Porém, o Brasil é um país de grande extensão territorial com recursos naturais abundantes e variados, com fronteira com quase todos os países sul-americanos e uma costa marítima de 8698 km. No século passado, sob inspiração do nacional-desenvolvimentismo, cujo marco inicial está na revolução de 1930, o país passou por grandes transformações. A industrialização brasileira adquiriu dimensões importantes na comparação internacional ao efetivar a construção de um parque relativamente completo e diversificado e a grande produção agropecuária mecanizada passou a jogar um papel econômico maior e, além disso, os serviços se desenvolveram e se industrializaram; tudo isto resultou na passagem de uma economia agrário-exportadora baseada na monocultura do café para um país industrial-agrário.

No Brasil de hoje vivem cerca de 185 milhões de pessoas – a maior parte delas em grandes
conglomerados urbanos com enormes e carentes periferias. Um povo único, miscigenado e original, constituído em sua maioria por proletários, semiproletários e trabalhadores explorados de uma forma geral nas cidades, aos quais se somam os assalariados rurais, camponeses e trabalhadores rurais que desejam terra para nela trabalhar. A assim chamada classe média – constituída, sobretudo, por empresários de pequeno porte em atividades industriais, comerciais e agrícolas, bem como por assalariados não operários e melhor remunerados –, também adquiriu porte e influência política.

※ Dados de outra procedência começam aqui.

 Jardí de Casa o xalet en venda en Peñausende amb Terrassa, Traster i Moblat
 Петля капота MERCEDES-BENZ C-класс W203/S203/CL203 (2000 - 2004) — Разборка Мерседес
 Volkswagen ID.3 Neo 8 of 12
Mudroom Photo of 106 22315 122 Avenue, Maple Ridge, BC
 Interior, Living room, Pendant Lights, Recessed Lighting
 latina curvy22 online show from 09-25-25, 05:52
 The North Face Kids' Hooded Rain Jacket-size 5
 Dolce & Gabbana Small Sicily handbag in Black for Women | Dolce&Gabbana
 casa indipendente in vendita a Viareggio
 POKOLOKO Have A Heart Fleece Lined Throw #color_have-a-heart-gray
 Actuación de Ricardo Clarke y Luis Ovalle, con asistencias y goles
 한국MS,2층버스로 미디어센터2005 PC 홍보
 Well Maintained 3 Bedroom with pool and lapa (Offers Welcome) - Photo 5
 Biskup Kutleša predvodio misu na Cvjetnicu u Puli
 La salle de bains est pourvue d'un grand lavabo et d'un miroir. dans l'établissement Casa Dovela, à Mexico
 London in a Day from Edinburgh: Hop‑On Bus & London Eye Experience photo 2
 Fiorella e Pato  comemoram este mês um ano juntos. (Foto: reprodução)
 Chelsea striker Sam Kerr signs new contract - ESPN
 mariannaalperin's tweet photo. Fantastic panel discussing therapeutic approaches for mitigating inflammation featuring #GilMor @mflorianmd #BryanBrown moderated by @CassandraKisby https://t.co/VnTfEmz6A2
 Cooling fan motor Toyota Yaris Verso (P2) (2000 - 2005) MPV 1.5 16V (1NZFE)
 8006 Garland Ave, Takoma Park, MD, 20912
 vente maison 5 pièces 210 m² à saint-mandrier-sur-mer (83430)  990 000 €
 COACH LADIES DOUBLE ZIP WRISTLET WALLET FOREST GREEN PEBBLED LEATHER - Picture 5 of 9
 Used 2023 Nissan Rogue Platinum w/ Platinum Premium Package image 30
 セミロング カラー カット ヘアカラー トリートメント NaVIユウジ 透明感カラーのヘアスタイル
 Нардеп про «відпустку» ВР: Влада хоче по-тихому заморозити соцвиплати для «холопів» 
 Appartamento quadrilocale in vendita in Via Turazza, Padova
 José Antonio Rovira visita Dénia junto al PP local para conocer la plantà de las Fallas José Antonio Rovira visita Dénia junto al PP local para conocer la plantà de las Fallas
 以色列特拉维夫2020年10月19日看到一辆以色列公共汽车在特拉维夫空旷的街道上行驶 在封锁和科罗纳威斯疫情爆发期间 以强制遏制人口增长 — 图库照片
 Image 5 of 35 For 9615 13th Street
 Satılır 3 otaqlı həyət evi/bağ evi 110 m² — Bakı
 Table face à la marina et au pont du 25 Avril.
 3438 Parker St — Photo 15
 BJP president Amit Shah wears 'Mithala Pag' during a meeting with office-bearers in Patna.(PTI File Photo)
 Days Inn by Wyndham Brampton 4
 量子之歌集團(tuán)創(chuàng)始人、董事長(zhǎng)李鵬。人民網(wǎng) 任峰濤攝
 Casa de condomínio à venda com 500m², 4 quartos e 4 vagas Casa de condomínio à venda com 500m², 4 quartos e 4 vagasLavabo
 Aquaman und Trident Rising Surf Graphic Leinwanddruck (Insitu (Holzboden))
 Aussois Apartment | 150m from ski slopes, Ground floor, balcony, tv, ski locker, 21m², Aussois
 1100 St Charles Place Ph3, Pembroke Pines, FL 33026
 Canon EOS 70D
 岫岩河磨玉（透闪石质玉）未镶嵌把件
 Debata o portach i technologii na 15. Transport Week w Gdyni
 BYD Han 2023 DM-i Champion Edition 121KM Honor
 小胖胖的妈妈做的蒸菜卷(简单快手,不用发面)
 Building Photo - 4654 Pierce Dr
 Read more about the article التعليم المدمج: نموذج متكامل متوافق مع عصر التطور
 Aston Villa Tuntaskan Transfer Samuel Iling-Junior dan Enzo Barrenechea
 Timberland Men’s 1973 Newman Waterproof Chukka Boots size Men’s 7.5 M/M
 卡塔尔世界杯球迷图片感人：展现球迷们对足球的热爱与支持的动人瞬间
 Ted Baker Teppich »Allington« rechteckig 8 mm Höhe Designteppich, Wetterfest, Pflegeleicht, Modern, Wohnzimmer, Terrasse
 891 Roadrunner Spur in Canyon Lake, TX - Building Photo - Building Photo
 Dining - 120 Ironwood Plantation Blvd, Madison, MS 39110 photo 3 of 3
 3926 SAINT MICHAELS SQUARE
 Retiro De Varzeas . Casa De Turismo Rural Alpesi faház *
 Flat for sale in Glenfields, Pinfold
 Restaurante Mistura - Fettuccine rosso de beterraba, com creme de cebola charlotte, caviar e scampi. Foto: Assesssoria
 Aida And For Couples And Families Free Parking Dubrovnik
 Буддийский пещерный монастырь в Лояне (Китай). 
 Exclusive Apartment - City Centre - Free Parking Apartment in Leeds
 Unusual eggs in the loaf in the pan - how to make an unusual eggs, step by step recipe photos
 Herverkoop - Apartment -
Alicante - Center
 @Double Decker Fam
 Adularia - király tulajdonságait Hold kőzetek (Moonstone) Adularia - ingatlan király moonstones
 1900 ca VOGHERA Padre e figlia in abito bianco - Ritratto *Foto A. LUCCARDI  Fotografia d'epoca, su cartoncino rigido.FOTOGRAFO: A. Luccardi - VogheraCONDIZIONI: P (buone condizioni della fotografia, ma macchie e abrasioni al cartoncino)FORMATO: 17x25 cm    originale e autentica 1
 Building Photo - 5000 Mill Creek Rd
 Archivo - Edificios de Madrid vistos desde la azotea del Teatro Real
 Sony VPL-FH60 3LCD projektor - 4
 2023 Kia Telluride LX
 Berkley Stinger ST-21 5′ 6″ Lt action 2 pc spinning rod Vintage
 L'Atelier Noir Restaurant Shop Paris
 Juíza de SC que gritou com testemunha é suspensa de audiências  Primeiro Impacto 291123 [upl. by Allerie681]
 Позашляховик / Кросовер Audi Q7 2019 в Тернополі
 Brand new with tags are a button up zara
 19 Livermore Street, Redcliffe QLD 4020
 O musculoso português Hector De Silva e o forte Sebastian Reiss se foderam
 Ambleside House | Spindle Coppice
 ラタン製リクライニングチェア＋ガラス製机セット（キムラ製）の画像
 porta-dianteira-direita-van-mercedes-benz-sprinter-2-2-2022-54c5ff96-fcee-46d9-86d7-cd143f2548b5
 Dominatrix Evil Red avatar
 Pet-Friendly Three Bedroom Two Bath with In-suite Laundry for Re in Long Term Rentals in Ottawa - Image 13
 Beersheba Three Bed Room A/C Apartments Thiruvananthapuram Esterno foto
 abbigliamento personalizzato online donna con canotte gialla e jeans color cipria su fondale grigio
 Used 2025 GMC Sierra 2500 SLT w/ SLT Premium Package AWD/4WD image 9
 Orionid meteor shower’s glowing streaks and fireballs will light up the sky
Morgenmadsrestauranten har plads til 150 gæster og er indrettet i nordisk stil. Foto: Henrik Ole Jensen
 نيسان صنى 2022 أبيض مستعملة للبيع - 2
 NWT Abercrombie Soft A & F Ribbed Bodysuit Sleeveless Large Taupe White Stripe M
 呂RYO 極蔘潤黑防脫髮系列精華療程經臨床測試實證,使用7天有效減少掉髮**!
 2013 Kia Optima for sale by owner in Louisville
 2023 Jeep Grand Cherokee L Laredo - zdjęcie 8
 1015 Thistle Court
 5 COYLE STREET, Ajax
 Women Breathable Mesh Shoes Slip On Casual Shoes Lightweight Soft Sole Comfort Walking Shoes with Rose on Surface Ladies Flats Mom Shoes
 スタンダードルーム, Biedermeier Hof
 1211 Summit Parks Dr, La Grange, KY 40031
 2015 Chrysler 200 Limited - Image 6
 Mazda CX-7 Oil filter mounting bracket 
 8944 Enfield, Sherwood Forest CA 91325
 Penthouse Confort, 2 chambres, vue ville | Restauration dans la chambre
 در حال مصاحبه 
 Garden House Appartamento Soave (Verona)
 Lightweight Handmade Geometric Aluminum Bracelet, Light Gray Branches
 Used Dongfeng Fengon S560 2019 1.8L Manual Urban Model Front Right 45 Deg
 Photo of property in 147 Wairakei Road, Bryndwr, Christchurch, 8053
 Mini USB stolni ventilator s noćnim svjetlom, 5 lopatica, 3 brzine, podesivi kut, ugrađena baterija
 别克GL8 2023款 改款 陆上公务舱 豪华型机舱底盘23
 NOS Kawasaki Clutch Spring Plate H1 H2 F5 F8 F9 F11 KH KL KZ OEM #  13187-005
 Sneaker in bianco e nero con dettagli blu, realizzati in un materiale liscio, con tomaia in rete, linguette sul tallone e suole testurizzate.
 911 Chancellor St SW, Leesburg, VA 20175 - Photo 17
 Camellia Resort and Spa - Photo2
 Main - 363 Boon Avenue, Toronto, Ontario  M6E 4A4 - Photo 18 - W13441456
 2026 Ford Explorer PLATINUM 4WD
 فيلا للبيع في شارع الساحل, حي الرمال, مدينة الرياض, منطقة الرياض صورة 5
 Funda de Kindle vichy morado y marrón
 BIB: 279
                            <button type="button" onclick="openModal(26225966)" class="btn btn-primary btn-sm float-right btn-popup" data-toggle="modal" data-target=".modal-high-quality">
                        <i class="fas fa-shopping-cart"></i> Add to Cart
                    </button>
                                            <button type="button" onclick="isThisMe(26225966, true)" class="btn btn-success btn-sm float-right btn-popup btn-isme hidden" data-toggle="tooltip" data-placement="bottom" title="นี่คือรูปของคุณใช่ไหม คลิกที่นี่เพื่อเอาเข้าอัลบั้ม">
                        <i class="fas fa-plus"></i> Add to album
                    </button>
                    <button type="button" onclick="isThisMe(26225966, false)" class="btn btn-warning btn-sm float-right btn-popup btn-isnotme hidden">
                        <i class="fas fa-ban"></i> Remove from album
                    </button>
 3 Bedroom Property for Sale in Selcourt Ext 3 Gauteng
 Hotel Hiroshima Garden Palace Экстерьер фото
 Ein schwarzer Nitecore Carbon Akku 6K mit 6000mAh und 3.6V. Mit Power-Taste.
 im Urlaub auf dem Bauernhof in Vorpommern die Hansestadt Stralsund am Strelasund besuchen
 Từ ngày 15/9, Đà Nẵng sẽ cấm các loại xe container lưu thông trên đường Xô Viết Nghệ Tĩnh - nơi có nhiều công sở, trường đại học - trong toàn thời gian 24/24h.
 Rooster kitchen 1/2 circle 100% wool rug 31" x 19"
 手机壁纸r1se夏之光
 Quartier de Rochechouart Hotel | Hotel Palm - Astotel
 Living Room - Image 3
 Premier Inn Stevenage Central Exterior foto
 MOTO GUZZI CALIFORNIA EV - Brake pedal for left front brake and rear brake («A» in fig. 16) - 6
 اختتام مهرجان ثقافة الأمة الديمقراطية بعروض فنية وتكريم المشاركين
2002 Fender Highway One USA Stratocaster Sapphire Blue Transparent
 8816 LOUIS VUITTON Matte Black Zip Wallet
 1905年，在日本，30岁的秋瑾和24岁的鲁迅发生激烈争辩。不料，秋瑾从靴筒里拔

A intelectualidade brasileira ganhou destaque pela sua produção acadêmica em diversos ramos da ciência, inclusive nas ciências sociais, por sua fecunda produção artística e cultural e também pela sua predominante postura política progressista. Estas classes e setores de classe formam a base social das transformações e a força de trabalho capacitada, elemento essencial para a retomada da construção do país. O estrato financeiro-rentista da grande burguesia brasileira, maior beneficiário da aplicação do projeto neoliberal, substituiu a burguesia industrial na hegemonia de classes, condição que havia adquirido ao cabo da revolução burguesa. Sobrepôs-se igualmente à burguesia agrária e dos serviços, que se desenvolveram mais recentemente, e se constitui em grave entrave ao desenvolvimento. Toda essa transformação econômica e social teve inequivocamente suas repercussões no terreno político. O proletariado passou a ter uma presença política destacada na vida nacional e se constitui objetivamente na força mais interessada na consecução de um projeto de desenvolvimento soberano, democrático e com valorização do trabalho e, além disso, é a classe que pode verdadeiramente se interessar na superação do capitalismo.

Dessa forma, partindo dessa base, configuraram-se historicamente a necessidade e o desafio da construção de um novo projeto de nação que pudesse representar a superação tanto do esgotamento dos problemas do período nacional-desenvolvimentista (da década de 1930 à de 1980) quanto dos impasses originados do modelo neoliberal; que, dirigido por forças políticas e sociais mais avançadas, pudesse satisfazer os interesses nacionais, democráticos e sociais dos trabalhadores e do povo brasileiro. Um projeto que significasse um caminho próprio para a superação do neoliberalismo que, por seus objetivos, projetar-se-ia em dimensão estratégica, que na visão dos comunistas significasse a passagem para uma sociedade mais avançada: de transição do capitalismo ao socialismo.